In this book, we will start with a single processor and learn to use its computational resources efficiently. We will then expand our view to include not just the processor but also its memory. Then, naturally, we will look at using multiple processors at once.

But using the hardware efficiently is only one of the necessary qualities of a high-performing program: it does us no good to efficiently do the work that could have been avoided in the first place. The key to not creating unnecessary work is the effective use of the programming language, in our case, C++ (most of what we learn about the hardware can be applied to any language, but some of the language optimization techniques are very specific to C++). Furthermore, the compilers stand between the language that we write in and the hardware that we use, so we must learn how to use the compilers to produce the most efficient code.

Finally, the only way to quantify the degree of success for any of the goals we just listed is to measure it: how much of the CPU resources are we using? How much time do we spend waiting for memory? What is the performance gain achieved by adding another thread? And so on. Obtaining good quantitative performance data is not easy; it requires a thorough understanding of the measurement tools. Interpreting the results is often even harder.

You can expect to learn these skills from this book. We will learn about the hardware architecture, and what is hidden behind some programming language features, and how to see our code the way the compilers see it. These skills are important, but what is even more important is to understand why things work the way they do. The computing hardware changes fairly often, the languages evolve, and new optimization algorithms for the compilers are invented. Thus, the specific knowledge in any of these areas has a fairly short shelf life. However, if you understand not just the best ways to use a particular processor or compiler but also the ways in which we have arrived at this knowledge, you will be well prepared to repeat this process of discovery and, therefore, continue to learn.

In this introductory chapter, we have discussed why the interest in software performance and efficiency is on the rise despite the rapid advances in the raw computational power of modern computers. Specifically, we have learned why, in order to understand the factors limiting performance and how to overcome them, we need to return to the basic elements of computing and understand how computers and programs work at a low level: understanding the hardware and using it efficiently, understanding concurrency, understanding the C++ language features and the compiler optimizations, and their impact on performance.

This low-level knowledge is necessarily very detailed and specific, but we have a plan for dealing with that: as we learn specific facts about the processors or compilers, we will also learn the process by which we have arrived at these conclusions. Thus, at its deepest level, this book is about learning how to learn.

We have further understood that the notion of performance is meaningless without defining the metrics by which this performance is measured. The need to evaluate the performance against the specific metrics implies that any work on performance is driven by data and measurements.
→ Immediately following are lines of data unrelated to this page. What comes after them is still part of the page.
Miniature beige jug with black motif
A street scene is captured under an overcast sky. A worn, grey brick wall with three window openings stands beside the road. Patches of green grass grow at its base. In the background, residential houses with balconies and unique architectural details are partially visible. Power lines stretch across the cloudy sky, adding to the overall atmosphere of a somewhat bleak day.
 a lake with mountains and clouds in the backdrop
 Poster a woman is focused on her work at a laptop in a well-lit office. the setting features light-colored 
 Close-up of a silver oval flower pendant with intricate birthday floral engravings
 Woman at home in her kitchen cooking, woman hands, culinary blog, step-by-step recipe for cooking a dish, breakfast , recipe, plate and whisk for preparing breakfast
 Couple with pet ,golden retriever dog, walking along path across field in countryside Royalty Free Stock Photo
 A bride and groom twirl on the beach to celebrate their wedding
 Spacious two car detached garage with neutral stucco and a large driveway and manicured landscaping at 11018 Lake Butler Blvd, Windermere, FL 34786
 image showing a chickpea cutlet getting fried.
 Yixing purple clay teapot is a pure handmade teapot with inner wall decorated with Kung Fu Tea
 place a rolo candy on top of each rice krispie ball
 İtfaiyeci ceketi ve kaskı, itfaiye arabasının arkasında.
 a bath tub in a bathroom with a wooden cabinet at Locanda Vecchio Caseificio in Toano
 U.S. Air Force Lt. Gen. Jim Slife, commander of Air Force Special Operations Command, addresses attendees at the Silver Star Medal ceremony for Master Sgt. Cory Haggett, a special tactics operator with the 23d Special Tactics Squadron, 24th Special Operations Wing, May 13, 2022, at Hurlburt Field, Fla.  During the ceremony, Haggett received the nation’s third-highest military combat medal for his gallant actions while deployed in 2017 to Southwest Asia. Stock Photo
Indeed, the next chapter is dedicated to measuring performance.

1. Why is program performance important despite advances in processing power?
2. Why does understanding software performance require low-level knowledge of the computing hardware and programming languages?
3. What is the difference between performance and efficiency?
4. Why must performance be defined with respect to specific metrics?
5. How can we judge whether the performance-related goals for specific metrics are accomplished?